The writer/director here is David Ayer – who, in ideal circumstances, probably could have made a good movie. He has done so before – with the PTSD drama Harsh Times, the LA cops on the street End of Watch and the WWII actioner Fury. Apparently though, he didn’t have much time to write the screenplay – and it shows. The structure is off, the plot silly, the characters under developed. The whole movie feels like it was rushed, from the writing, to the editing to the special effects work. If you want people to do good work, you have to give them the time to do it.
 
And that strikes me as the problem with these DC movies as a whole – they feel rushed. DC lagged behind Marvel in setting up their giant, interconnected universe, and they seem to want to jump right in with both feet from the start. Marvel didn’t assemble The Avengers until their sixth film – establishing individual characters for years before combining them. DC wants to jump in right away. It’s the wrong approach – and leads to films as jumbled and messy and unsatisfying as Batman vs. Superman and Suicide Squad.
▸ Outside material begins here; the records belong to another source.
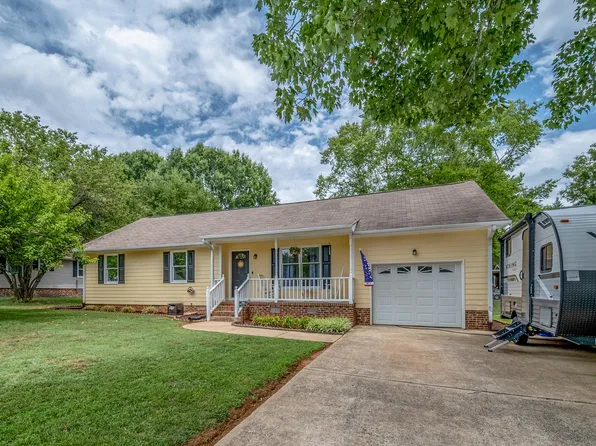 114 N Overland Dr, Mebane, NC 27302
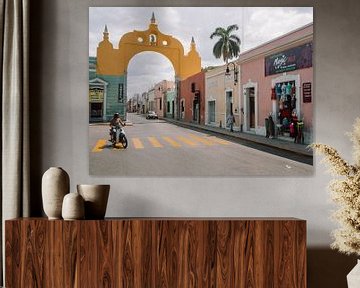 Rue mexicaine avec arche / portail jaune au-dessus de la route à Mérida, Yucatán.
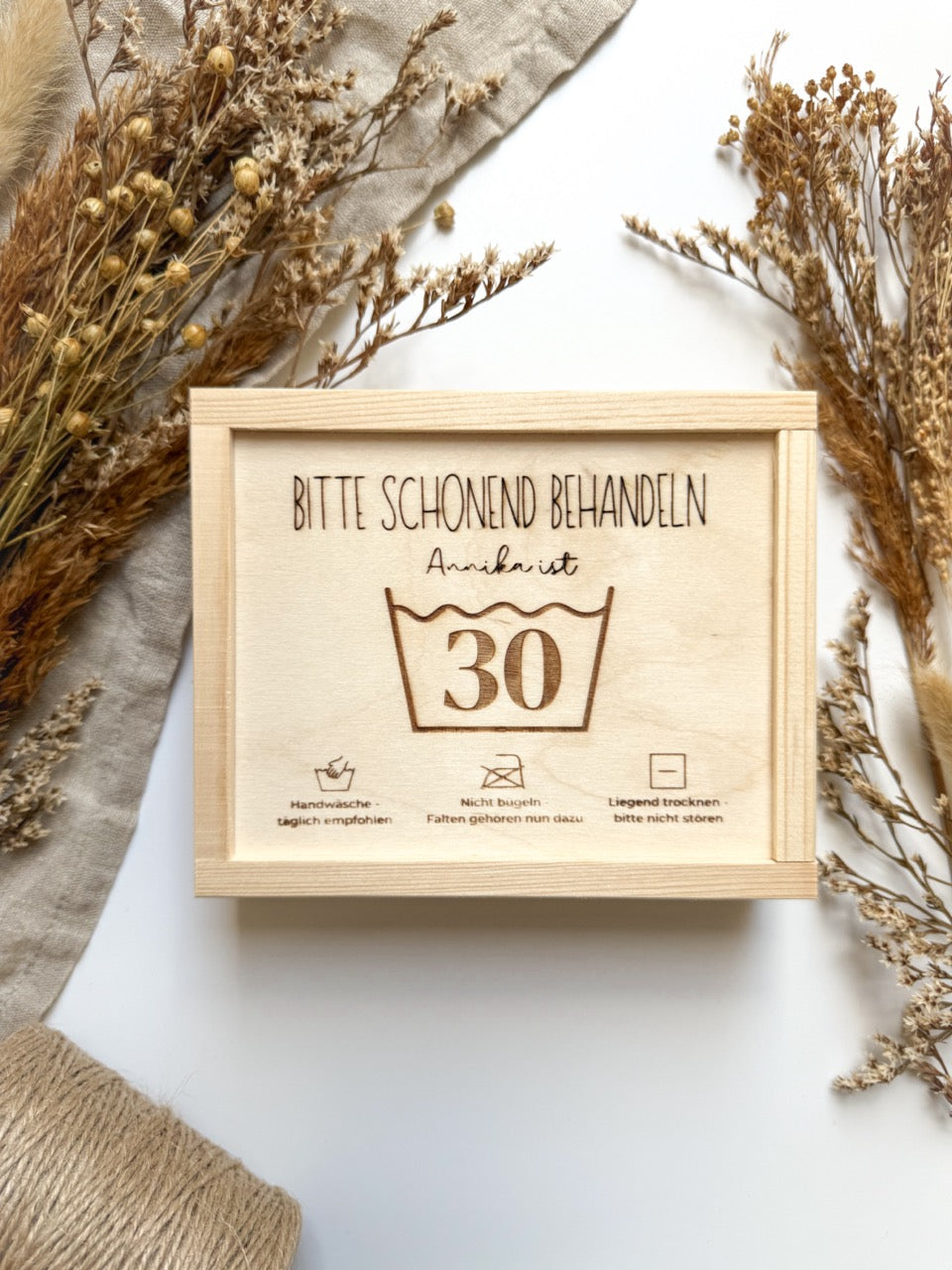 Personalisiertes Geldgeschenk mit Namen zum 30. Geburtstag aus Holz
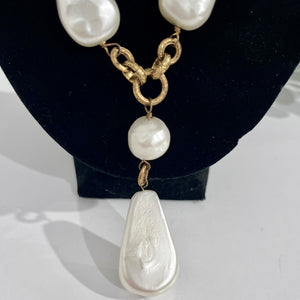 Chanel 1983 Chain & Pearl Coated Gripoix Necklace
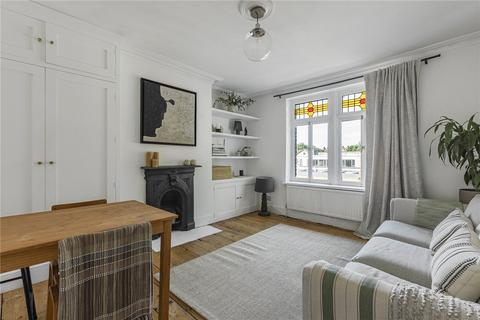 Flat D, 98 Lower Clapton Road, London, E5 0QR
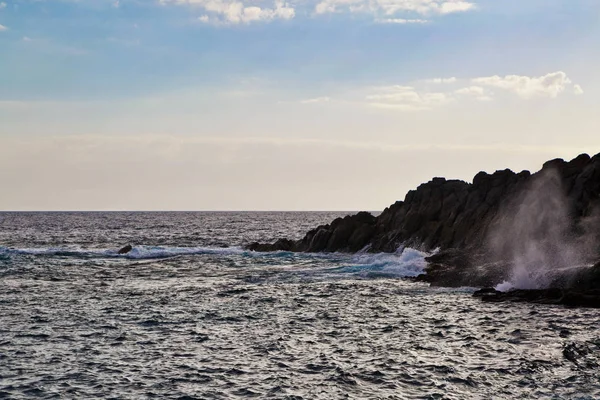 Mar bonito com rochas sob o céu azul — Fotografia de Stock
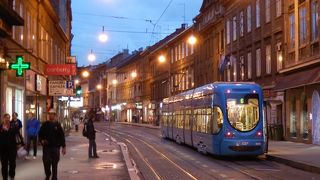 路面電車が絵になる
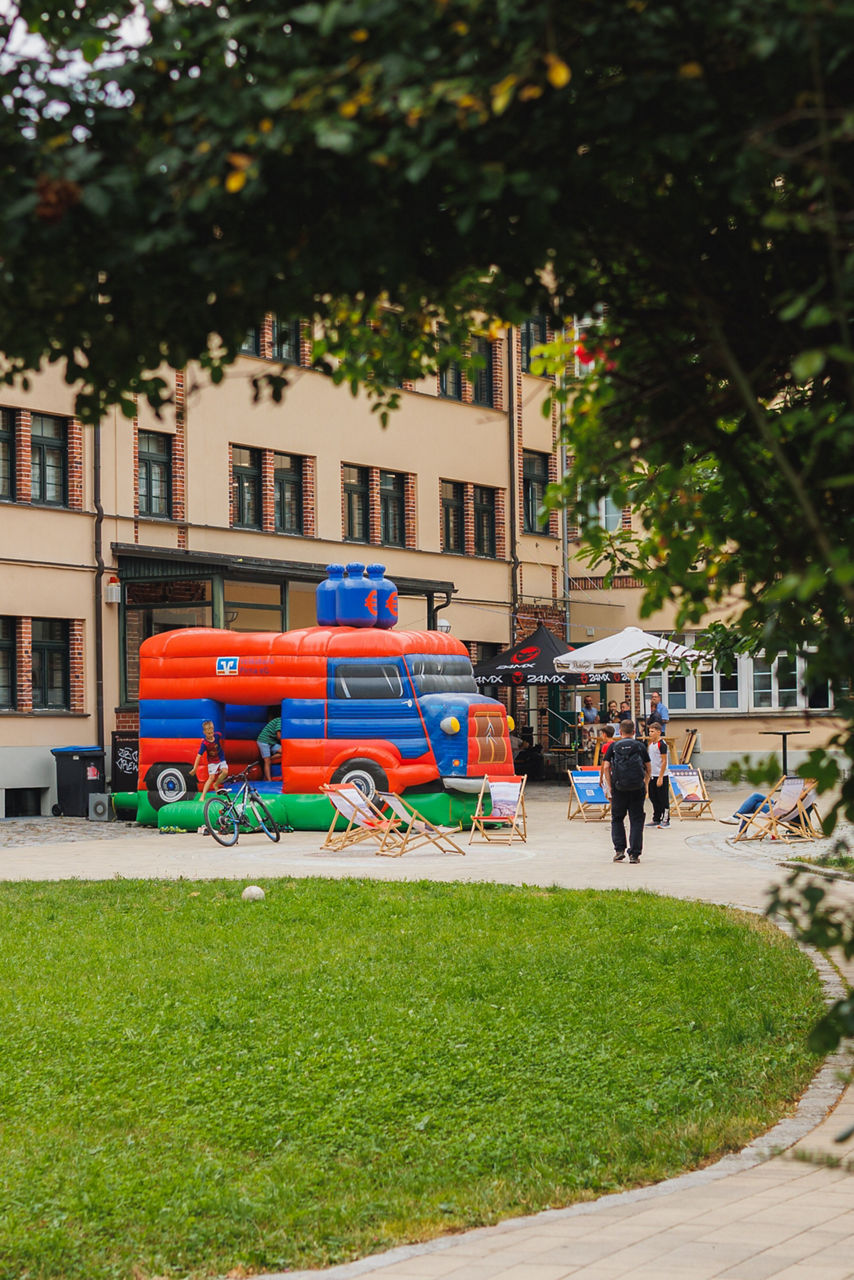 Hüpfburg und Liegestühle im Freien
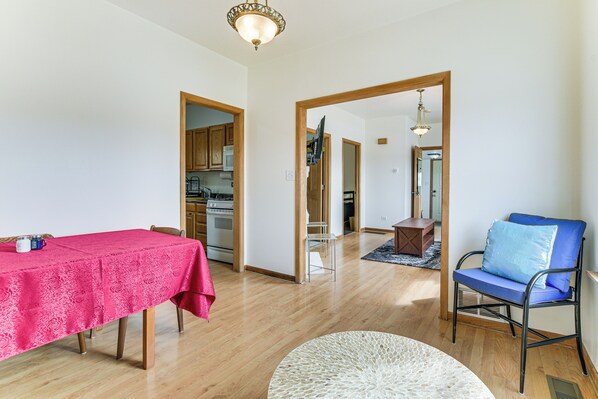 Interior - 8 Mi to Chicago: Oak Park Home w/ Fenced Backyard! (Oak Park)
I want these films to be good – hell, I want all films to be good – but I do want DC to succeed, mainly because Batman has always been my favorite superhero, and in general, I think DC has a far better stable of villains than Marvel (perhaps the weakest element of the Marvel films so far has been their inability, aside from Tom Hiddleston’s Loki to create a truly great villain). But they aren’t going to get there making films as scattershot and messy as Suicide Squad.